Segment Start: MATERIAL PROVIDED

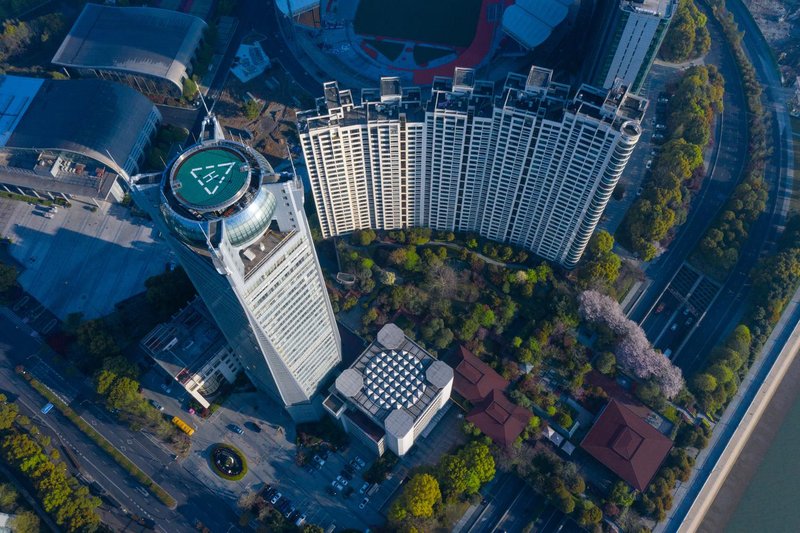 Hangzhou Tianyuan Grand HotelOver view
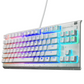 Tastierë SteelSeries Apex 3 TKL US - White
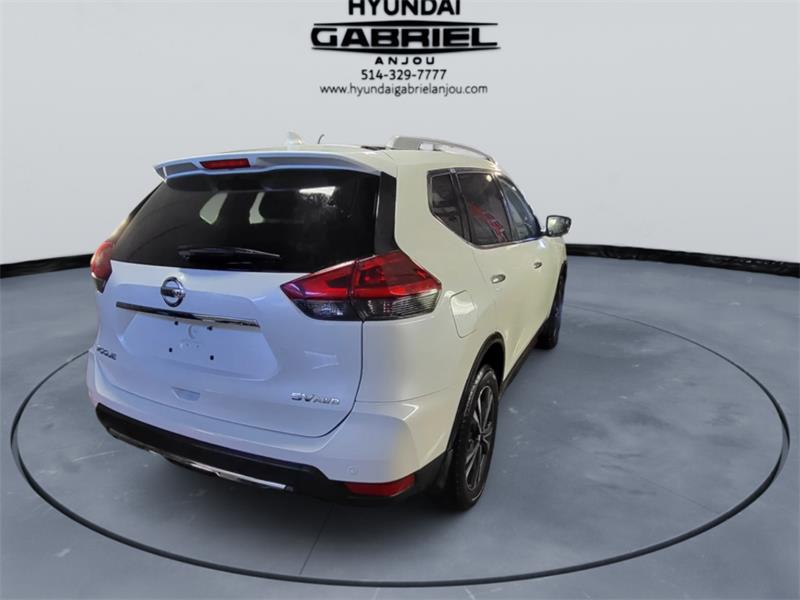 nissan Rogue 2019 - 4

Segment End: MATERIAL PROVIDED

_EXERCISE_
All that is needed here is the run of lines from the one containing "Tastierë SteelSeries Apex 3 TKL US - White" through the end of the material above, reproduced exactly and without pictures.

_WRITTEN ANSWER_
 Tastierë SteelSeries Apex 3 TKL US - White
 nissan Rogue 2019 - 4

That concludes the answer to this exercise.